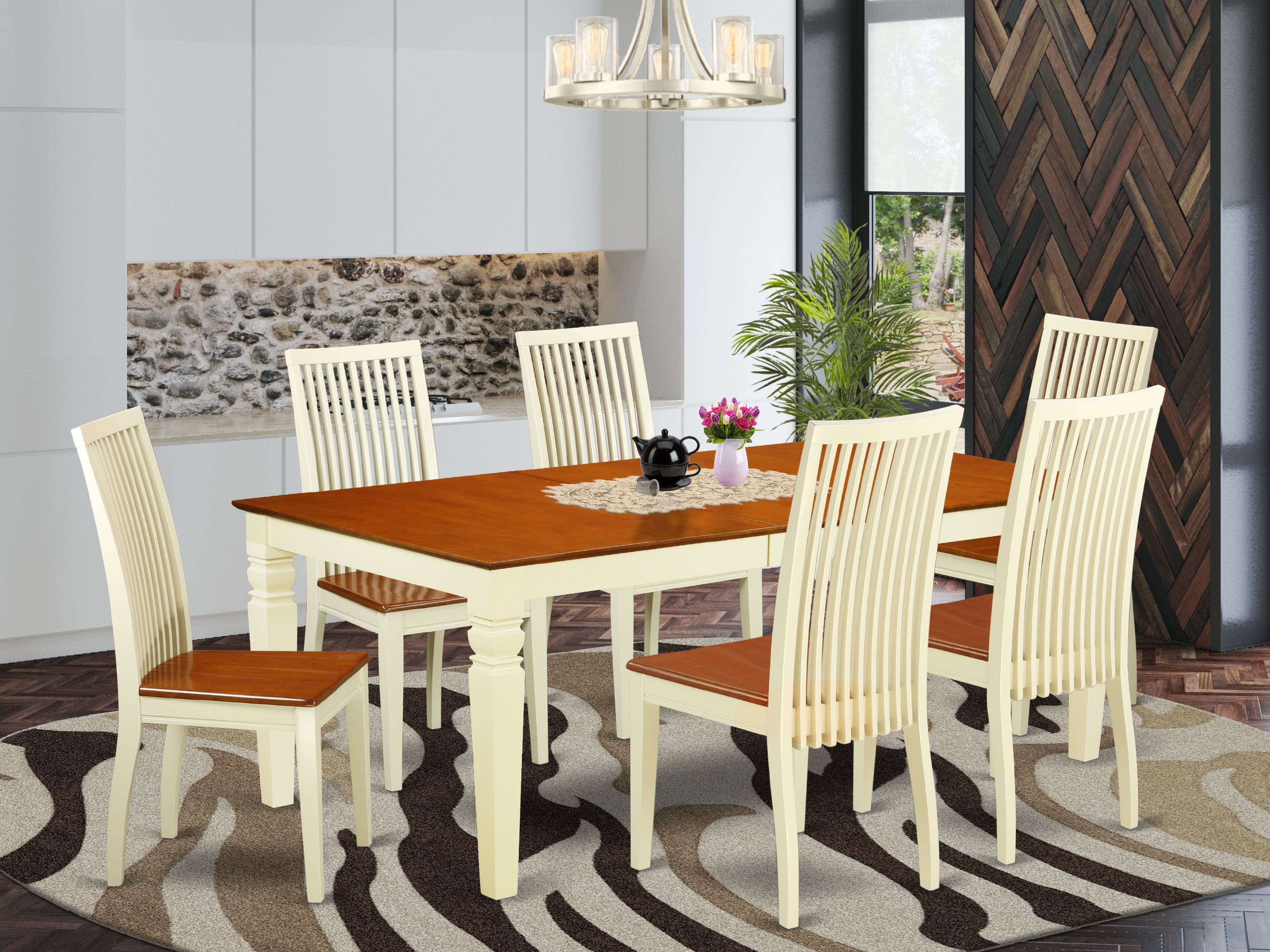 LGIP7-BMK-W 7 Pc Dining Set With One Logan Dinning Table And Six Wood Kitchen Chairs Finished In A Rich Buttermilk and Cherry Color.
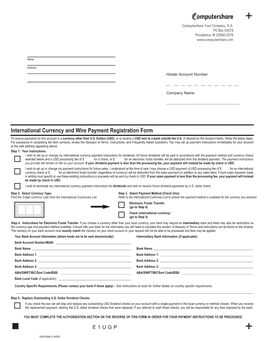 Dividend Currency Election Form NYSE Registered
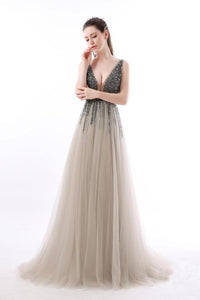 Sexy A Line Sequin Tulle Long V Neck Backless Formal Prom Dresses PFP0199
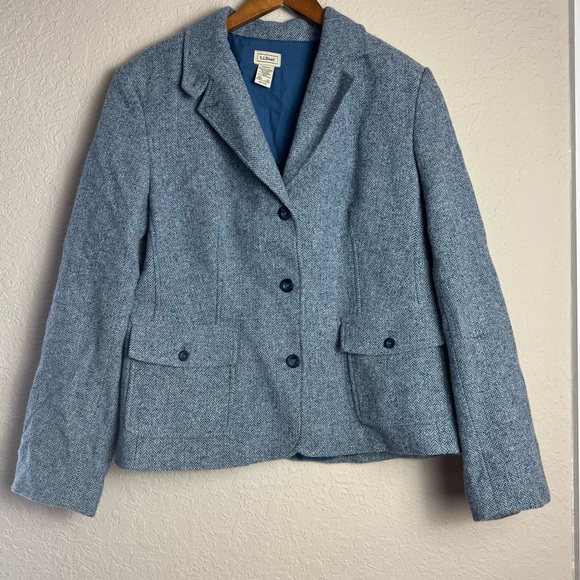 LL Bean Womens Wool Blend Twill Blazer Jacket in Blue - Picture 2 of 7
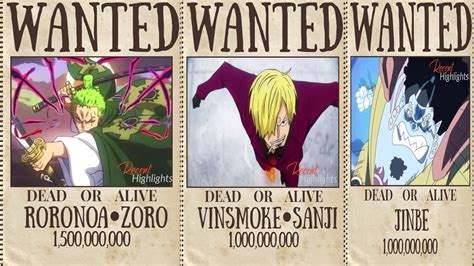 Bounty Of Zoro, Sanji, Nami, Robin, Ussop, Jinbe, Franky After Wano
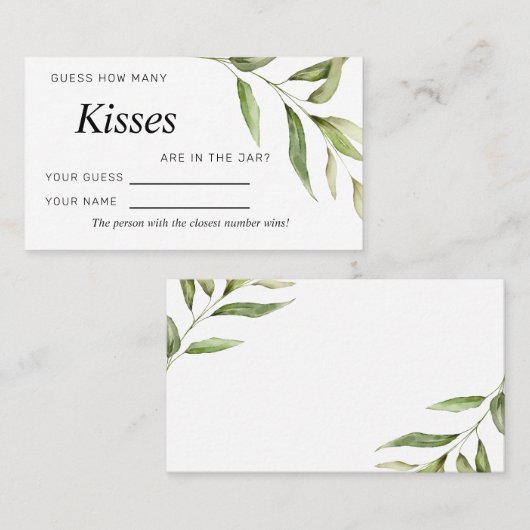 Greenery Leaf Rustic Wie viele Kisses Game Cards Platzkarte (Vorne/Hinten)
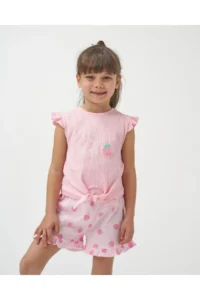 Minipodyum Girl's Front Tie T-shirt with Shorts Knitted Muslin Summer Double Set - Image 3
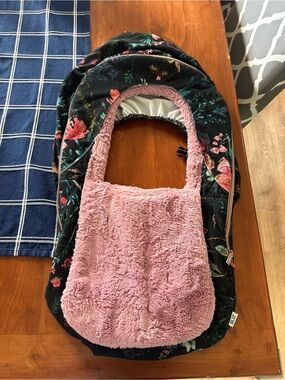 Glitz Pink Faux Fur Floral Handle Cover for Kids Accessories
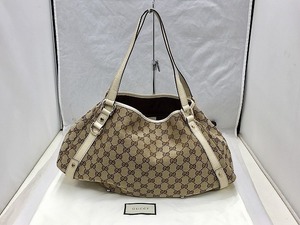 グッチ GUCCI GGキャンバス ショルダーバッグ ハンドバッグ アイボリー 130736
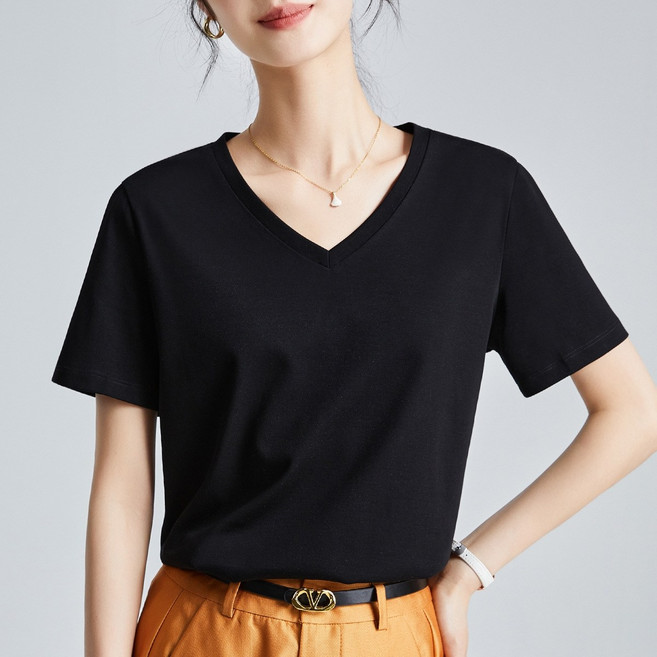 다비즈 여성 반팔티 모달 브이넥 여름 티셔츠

* * *

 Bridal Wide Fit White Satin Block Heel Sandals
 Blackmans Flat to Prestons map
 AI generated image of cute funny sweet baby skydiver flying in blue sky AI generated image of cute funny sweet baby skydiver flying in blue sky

...

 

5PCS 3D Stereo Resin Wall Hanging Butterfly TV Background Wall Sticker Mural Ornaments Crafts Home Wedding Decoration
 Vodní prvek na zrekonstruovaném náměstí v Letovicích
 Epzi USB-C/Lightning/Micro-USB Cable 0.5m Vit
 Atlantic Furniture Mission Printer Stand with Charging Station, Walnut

Your task:
Your answer must be everything above from the line with "LGIP7-BMK-W 7 Pc" down to the line with "다비즈 여성 반팔티 모달 브이넥 여름 티셔츠", word for word, and no pictures.

Expected answer:
 LGIP7-BMK-W 7 Pc Dining Set With One Logan Dinning Table And Six Wood Kitchen Chairs Finished In A Rich Buttermilk and Cherry Color.
 Dividend Currency Election Form NYSE Registered
 Sexy A Line Sequin Tulle Long V Neck Backless Formal Prom Dresses PFP0199
 LL Bean Womens Wool Blend Twill Blazer Jacket in Blue - Picture 2 of 7
 Bounty Of Zoro, Sanji, Nami, Robin, Ussop, Jinbe, Franky After Wano
 Greenery Leaf Rustic Wie viele Kisses Game Cards Platzkarte (Vorne/Hinten)
 Minipodyum Girl's Front Tie T-shirt with Shorts Knitted Muslin Summer Double Set - Image 3
 Glitz Pink Faux Fur Floral Handle Cover for Kids Accessories
 グッチ GUCCI GGキャンバス ショルダーバッグ ハンドバッグ アイボリー 130736
 다비즈 여성 반팔티 모달 브이넥 여름 티셔츠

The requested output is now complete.